*Your goal*. Copy out every record precisely.

*Data to examine*.
________________

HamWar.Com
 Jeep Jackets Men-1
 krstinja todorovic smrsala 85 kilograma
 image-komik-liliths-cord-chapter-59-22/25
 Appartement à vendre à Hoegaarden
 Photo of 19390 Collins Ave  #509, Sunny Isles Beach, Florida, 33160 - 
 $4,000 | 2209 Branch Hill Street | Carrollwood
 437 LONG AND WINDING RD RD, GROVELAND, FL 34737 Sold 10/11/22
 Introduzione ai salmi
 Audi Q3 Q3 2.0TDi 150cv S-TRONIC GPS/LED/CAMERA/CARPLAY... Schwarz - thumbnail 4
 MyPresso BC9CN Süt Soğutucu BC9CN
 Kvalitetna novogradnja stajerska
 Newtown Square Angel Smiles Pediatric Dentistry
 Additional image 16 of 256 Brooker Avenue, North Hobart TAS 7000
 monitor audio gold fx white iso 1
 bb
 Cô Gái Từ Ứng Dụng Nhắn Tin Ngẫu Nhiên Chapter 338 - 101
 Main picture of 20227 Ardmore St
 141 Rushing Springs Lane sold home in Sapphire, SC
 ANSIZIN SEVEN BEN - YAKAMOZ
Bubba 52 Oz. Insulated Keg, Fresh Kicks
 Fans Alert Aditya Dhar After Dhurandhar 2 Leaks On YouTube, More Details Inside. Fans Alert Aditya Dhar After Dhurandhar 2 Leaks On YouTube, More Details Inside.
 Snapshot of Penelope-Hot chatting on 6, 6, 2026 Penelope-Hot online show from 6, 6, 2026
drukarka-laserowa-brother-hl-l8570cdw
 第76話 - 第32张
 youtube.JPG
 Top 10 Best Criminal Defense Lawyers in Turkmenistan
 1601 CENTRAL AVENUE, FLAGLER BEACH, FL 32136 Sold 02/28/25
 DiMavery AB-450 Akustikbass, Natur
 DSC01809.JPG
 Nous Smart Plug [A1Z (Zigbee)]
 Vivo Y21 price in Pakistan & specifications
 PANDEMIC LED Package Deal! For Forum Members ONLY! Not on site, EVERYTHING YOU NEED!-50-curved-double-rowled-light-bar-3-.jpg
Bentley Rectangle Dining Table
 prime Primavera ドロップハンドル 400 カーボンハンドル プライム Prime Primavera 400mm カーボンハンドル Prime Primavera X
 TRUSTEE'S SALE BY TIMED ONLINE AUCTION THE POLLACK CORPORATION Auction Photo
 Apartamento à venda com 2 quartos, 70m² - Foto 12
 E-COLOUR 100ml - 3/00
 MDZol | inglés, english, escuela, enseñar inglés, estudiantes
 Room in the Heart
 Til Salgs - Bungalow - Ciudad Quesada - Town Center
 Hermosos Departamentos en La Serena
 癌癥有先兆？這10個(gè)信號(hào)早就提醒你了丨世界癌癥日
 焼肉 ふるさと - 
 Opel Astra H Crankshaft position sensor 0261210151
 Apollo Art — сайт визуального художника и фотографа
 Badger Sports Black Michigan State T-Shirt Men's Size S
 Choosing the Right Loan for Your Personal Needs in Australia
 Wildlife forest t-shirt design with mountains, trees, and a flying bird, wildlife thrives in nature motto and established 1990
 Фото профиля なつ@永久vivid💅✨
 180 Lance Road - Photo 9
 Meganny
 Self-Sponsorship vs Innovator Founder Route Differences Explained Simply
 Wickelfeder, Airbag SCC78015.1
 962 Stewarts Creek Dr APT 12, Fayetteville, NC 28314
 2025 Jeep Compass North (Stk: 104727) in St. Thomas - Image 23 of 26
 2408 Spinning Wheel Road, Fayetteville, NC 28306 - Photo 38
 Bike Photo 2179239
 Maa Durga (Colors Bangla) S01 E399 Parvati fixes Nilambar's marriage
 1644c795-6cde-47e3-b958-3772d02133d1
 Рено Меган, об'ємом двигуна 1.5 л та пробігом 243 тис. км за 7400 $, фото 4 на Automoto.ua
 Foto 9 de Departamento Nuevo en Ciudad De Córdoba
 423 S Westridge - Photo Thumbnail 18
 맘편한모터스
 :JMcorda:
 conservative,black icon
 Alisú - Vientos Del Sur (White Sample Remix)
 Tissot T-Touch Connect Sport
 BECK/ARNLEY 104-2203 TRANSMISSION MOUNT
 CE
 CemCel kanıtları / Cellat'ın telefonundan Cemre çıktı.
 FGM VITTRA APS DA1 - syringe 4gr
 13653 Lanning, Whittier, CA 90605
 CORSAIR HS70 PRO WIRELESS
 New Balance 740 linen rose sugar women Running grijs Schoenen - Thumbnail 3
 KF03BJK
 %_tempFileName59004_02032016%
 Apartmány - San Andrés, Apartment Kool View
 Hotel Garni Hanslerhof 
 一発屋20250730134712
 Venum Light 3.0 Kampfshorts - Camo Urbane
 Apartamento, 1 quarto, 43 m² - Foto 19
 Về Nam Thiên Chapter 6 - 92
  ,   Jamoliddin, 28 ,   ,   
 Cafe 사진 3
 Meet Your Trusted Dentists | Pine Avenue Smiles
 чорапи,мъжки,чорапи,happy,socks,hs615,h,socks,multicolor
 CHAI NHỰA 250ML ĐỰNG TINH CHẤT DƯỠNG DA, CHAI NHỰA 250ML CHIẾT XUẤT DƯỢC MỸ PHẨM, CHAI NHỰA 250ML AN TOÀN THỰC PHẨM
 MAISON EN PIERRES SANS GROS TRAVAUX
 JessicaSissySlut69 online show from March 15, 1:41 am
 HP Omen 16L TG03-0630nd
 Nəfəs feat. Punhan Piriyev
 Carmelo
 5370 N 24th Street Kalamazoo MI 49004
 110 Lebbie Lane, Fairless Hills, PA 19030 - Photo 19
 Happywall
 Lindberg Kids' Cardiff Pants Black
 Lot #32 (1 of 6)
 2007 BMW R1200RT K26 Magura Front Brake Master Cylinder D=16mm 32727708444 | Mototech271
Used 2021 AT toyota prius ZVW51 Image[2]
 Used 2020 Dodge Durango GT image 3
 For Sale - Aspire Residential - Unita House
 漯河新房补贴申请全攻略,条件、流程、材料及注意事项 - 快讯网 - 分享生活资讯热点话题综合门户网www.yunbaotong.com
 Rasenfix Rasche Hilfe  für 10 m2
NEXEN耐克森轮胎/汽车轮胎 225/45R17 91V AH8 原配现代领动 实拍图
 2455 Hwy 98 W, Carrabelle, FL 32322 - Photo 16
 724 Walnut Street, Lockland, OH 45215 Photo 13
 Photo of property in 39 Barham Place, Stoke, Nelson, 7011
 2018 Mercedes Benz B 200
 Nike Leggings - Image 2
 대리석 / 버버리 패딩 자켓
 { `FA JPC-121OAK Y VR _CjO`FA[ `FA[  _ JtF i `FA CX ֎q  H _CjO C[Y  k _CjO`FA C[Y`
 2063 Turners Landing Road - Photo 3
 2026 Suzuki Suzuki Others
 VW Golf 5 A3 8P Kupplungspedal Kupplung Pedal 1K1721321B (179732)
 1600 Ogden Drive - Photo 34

________________

*Solved problem*.
HamWar.Com
 Jeep Jackets Men-1
 krstinja todorovic smrsala 85 kilograma
 image-komik-liliths-cord-chapter-59-22/25
 Appartement à vendre à Hoegaarden
 Photo of 19390 Collins Ave  #509, Sunny Isles Beach, Florida, 33160 - 
 $4,000 | 2209 Branch Hill Street | Carrollwood
 437 LONG AND WINDING RD RD, GROVELAND, FL 34737 Sold 10/11/22
 Introduzione ai salmi
 Audi Q3 Q3 2.0TDi 150cv S-TRONIC GPS/LED/CAMERA/CARPLAY... Schwarz - thumbnail 4
 MyPresso BC9CN Süt Soğutucu BC9CN
 Kvalitetna novogradnja stajerska
 Newtown Square Angel Smiles Pediatric Dentistry
 Additional image 16 of 256 Brooker Avenue, North Hobart TAS 7000
 monitor audio gold fx white iso 1
 bb
 Cô Gái Từ Ứng Dụng Nhắn Tin Ngẫu Nhiên Chapter 338 - 101
 Main picture of 20227 Ardmore St
 141 Rushing Springs Lane sold home in Sapphire, SC
 ANSIZIN SEVEN BEN - YAKAMOZ
Bubba 52 Oz. Insulated Keg, Fresh Kicks
 Fans Alert Aditya Dhar After Dhurandhar 2 Leaks On YouTube, More Details Inside. Fans Alert Aditya Dhar After Dhurandhar 2 Leaks On YouTube, More Details Inside.
 Snapshot of Penelope-Hot chatting on 6, 6, 2026 Penelope-Hot online show from 6, 6, 2026
drukarka-laserowa-brother-hl-l8570cdw
 第76話 - 第32张
 youtube.JPG
 Top 10 Best Criminal Defense Lawyers in Turkmenistan
 1601 CENTRAL AVENUE, FLAGLER BEACH, FL 32136 Sold 02/28/25
 DiMavery AB-450 Akustikbass, Natur
 DSC01809.JPG
 Nous Smart Plug [A1Z (Zigbee)]
 Vivo Y21 price in Pakistan & specifications
 PANDEMIC LED Package Deal! For Forum Members ONLY! Not on site, EVERYTHING YOU NEED!-50-curved-double-rowled-light-bar-3-.jpg
Bentley Rectangle Dining Table
 prime Primavera ドロップハンドル 400 カーボンハンドル プライム Prime Primavera 400mm カーボンハンドル Prime Primavera X
 TRUSTEE'S SALE BY TIMED ONLINE AUCTION THE POLLACK CORPORATION Auction Photo
 Apartamento à venda com 2 quartos, 70m² - Foto 12
 E-COLOUR 100ml - 3/00
 MDZol | inglés, english, escuela, enseñar inglés, estudiantes
 Room in the Heart
 Til Salgs - Bungalow - Ciudad Quesada - Town Center
 Hermosos Departamentos en La Serena
 癌癥有先兆？這10個(gè)信號(hào)早就提醒你了丨世界癌癥日
 焼肉 ふるさと - 
 Opel Astra H Crankshaft position sensor 0261210151
 Apollo Art — сайт визуального художника и фотографа
 Badger Sports Black Michigan State T-Shirt Men's Size S
 Choosing the Right Loan for Your Personal Needs in Australia
 Wildlife forest t-shirt design with mountains, trees, and a flying bird, wildlife thrives in nature motto and established 1990
 Фото профиля なつ@永久vivid💅✨
 180 Lance Road - Photo 9
 Meganny
 Self-Sponsorship vs Innovator Founder Route Differences Explained Simply
 Wickelfeder, Airbag SCC78015.1
 962 Stewarts Creek Dr APT 12, Fayetteville, NC 28314
 2025 Jeep Compass North (Stk: 104727) in St. Thomas - Image 23 of 26
 2408 Spinning Wheel Road, Fayetteville, NC 28306 - Photo 38
 Bike Photo 2179239
 Maa Durga (Colors Bangla) S01 E399 Parvati fixes Nilambar's marriage
 1644c795-6cde-47e3-b958-3772d02133d1
 Рено Меган, об'ємом двигуна 1.5 л та пробігом 243 тис. км за 7400 $, фото 4 на Automoto.ua
 Foto 9 de Departamento Nuevo en Ciudad De Córdoba
 423 S Westridge - Photo Thumbnail 18
 맘편한모터스
 :JMcorda:
 conservative,black icon
 Alisú - Vientos Del Sur (White Sample Remix)
 Tissot T-Touch Connect Sport
 BECK/ARNLEY 104-2203 TRANSMISSION MOUNT
 CE
 CemCel kanıtları / Cellat'ın telefonundan Cemre çıktı.
 FGM VITTRA APS DA1 - syringe 4gr
 13653 Lanning, Whittier, CA 90605
 CORSAIR HS70 PRO WIRELESS
 New Balance 740 linen rose sugar women Running grijs Schoenen - Thumbnail 3
 KF03BJK
 %_tempFileName59004_02032016%
 Apartmány - San Andrés, Apartment Kool View
 Hotel Garni Hanslerhof 
 一発屋20250730134712
 Venum Light 3.0 Kampfshorts - Camo Urbane
 Apartamento, 1 quarto, 43 m² - Foto 19
 Về Nam Thiên Chapter 6 - 92
  ,   Jamoliddin, 28 ,   ,   
 Cafe 사진 3
 Meet Your Trusted Dentists | Pine Avenue Smiles
 чорапи,мъжки,чорапи,happy,socks,hs615,h,socks,multicolor
 CHAI NHỰA 250ML ĐỰNG TINH CHẤT DƯỠNG DA, CHAI NHỰA 250ML CHIẾT XUẤT DƯỢC MỸ PHẨM, CHAI NHỰA 250ML AN TOÀN THỰC PHẨM
 MAISON EN PIERRES SANS GROS TRAVAUX
 JessicaSissySlut69 online show from March 15, 1:41 am
 HP Omen 16L TG03-0630nd
 Nəfəs feat. Punhan Piriyev
 Carmelo
 5370 N 24th Street Kalamazoo MI 49004
 110 Lebbie Lane, Fairless Hills, PA 19030 - Photo 19
 Happywall
 Lindberg Kids' Cardiff Pants Black
 Lot #32 (1 of 6)
 2007 BMW R1200RT K26 Magura Front Brake Master Cylinder D=16mm 32727708444 | Mototech271
Used 2021 AT toyota prius ZVW51 Image[2]
 Used 2020 Dodge Durango GT image 3
 For Sale - Aspire Residential - Unita House
 漯河新房补贴申请全攻略,条件、流程、材料及注意事项 - 快讯网 - 分享生活资讯热点话题综合门户网www.yunbaotong.com
 Rasenfix Rasche Hilfe  für 10 m2
NEXEN耐克森轮胎/汽车轮胎 225/45R17 91V AH8 原配现代领动 实拍图
 2455 Hwy 98 W, Carrabelle, FL 32322 - Photo 16
 724 Walnut Street, Lockland, OH 45215 Photo 13
 Photo of property in 39 Barham Place, Stoke, Nelson, 7011
 2018 Mercedes Benz B 200
 Nike Leggings - Image 2
 대리석 / 버버리 패딩 자켓
 { `FA JPC-121OAK Y VR _CjO`FA[ `FA[  _ JtF i `FA CX ֎q  H _CjO C[Y  k _CjO`FA C[Y`
 2063 Turners Landing Road - Photo 3
 2026 Suzuki Suzuki Others
 VW Golf 5 A3 8P Kupplungspedal Kupplung Pedal 1K1721321B (179732)
 1600 Ogden Drive - Photo 34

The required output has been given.